The environmentally-based spatial analysis engine 210 may organize the metadata of one or more users' location history to be able to be used to identify direct free-space un-occluded paths between each location in the location history (or sets of locations). In particular, this can be used by the environmentally based spatial analysis engine 210 to identify free-space, un-occluded paths between points and applications. For example, FIG. 3B illustrates a 3D environment 300, in which various locations in the user's location history have a direct path to application 3 318 is shown linked to application 3 318 by a line 324. The lines 324 linking application 3 318 and some of the locations in the previous user's location history indicate that there are direct paths between those locations and application 3 318. The paths indicated by lines 332 are the “mapped free-space paths” to application 3 318. Similarly, the environmentally-based spatial analysis engine 210 may also include a set of the user's previous locations that have a direct path to application 1 314, application 2 316, application 4 320, and application 5 322. They are the mapped free-space paths to application 1 314, to application 2 316, to application 4 320, and to application 5 322. Note that the metadata may further be used to identify free-space paths when new applications are added to the 3D environment.
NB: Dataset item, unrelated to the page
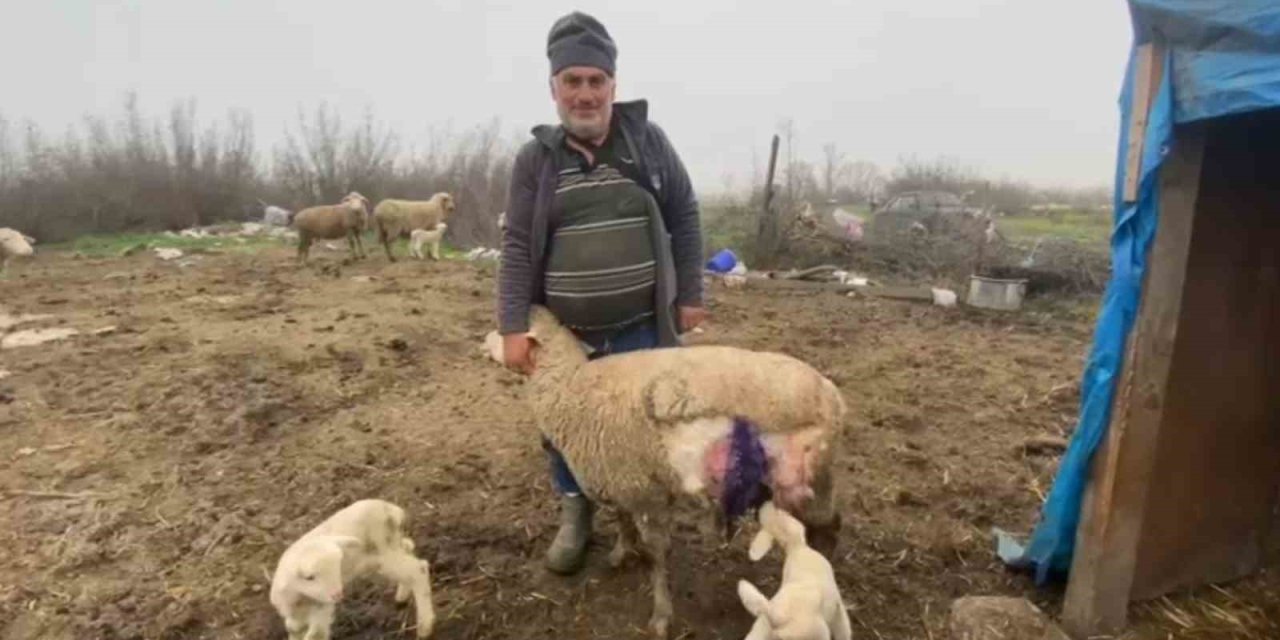 Çift kafalı doğan koyun görenleri şok etti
When there is no direct path from a user's location to an application, the environmentally-based spatial analysis engine 210 may simply dampen the sound emitted from the application based on the occlusions (e.g., walls or furniture) between the application and the user's location. Alternatively or additionally, the environmentally-based spatial analysis engine 210 may partially dampen the sound emitted from the application by creating an occlusion filter with a predetermined occlusion control parameter. The predetermined occlusion control parameter may be determined based on the construction materials of the wall, which may be input by a user or detected by the sensing device that the user wears. In another implementation, the environmentally-based spatial analysis engine 210 may further create a reverberation time filter based on the distance between the user's location and the application in addition to the occlusion filter with a predetermined occlusion ratio, such that when a user is on the other side of the wall from an application, not only does the wall partially occlude the sound from the application, but also the more remote the user's location is, the less volume of the sound the user may hear.

However, when there is no direct path, but an indirect path between a user and an application, simply applying an occlusion control parameter and/or reverberation time filter may not accurately reflect the 3D sound effect from the application that the user would perceive, because a sound diffracts and changes direction when it travels through obstacles. In one implementation, when there is no direct path between a user and an application, the environmentally-based spatial analysis engine 210 may further analyze the present spatial data of the user and the metadata of the 3D environment and determine whether there is an indirect path between the user and the application. An indirect path is one that can be taken in free-space around occlusions (such as walls) rather than through the occlusions. When an indirect path is found, the environmentally-based spatial analysis engine 210 may create a different or an additional filter to simulate the indirect path between the user and the application. There are many implementations that the environmentally-based spatial analysis engine 210 may implement to find an indirect path between a user and an application and to simulate the sound effect caused by the indirect path found.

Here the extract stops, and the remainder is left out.